# Best Key Words



## Ace Painting (Jan 11, 2011)

I'm in the process of building a new website and was wondering what your best performing key words are.


----------



## ReNt A PaInTeR (Dec 28, 2008)

Painter


----------



## mudbone (Dec 26, 2011)

Ace Painting said:


> I'm in the process of building a new website and was wondering what your best performing key words are.


 Ace is the place!:blink:


----------



## ContractorMike (Nov 9, 2012)

i would say that unless you are a national company you should stick with more specific keyword phrase; i.e. "city + service" "los angeles painter"

__________
Contractor Marketing - Websites & SEO For Contractors By Contractors - www.contractorswebsitepros.com


----------



## Ace Painting (Jan 11, 2011)

Great, thanks guys.


----------



## dabzo (Sep 27, 2012)

That's going to depend on where you're located... people will often search a keyphrase, such-as: painter New York... so they include the location, 

there could be a million painter New Yorks... but only half a million painting-co New Yorks 

Search google, and check out the number of search-results it finds... sometimes searches that return fewer results are awesome, because you can get high-rankings with no competition.

Some keywords/phrases are very competitive and will be hard to optimize for... 

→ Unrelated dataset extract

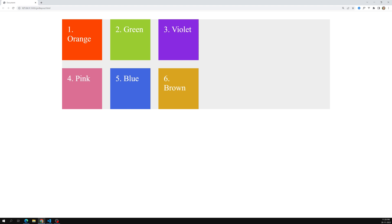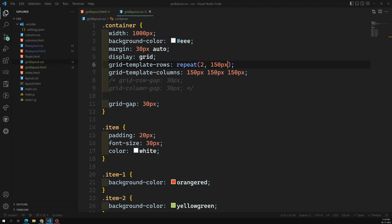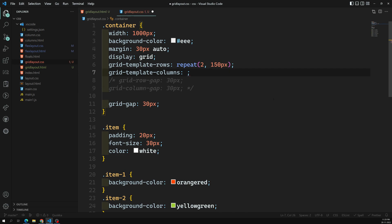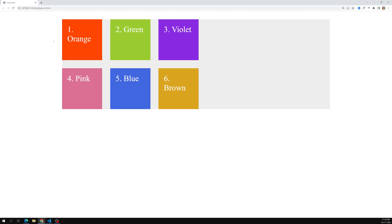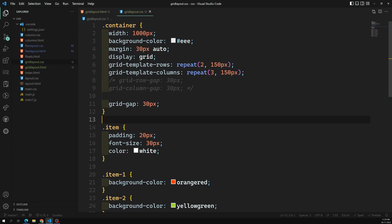Not only for template rows — for template columns also we can use the same approach. Here we have three 150px columns, so I can write repeat(3, 150px). That means it will be repeated three times. If you check the output, it looks the same. The repeat function helps us repeat rows or columns as many times as needed.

In addition to optimizing pages for keywords, updating / adding to site-contents over a period of time helps rankings too, as google makes a time-line of your site.

Hope that helps.

Google webmaster tools / google analytics can be handy.


----------



## vividpainting (Aug 14, 2011)

Consider subscribing to wordtracker for a few months. its one of the best tools on the market, and will show you your competition and give you an idea of what to rank for.


----------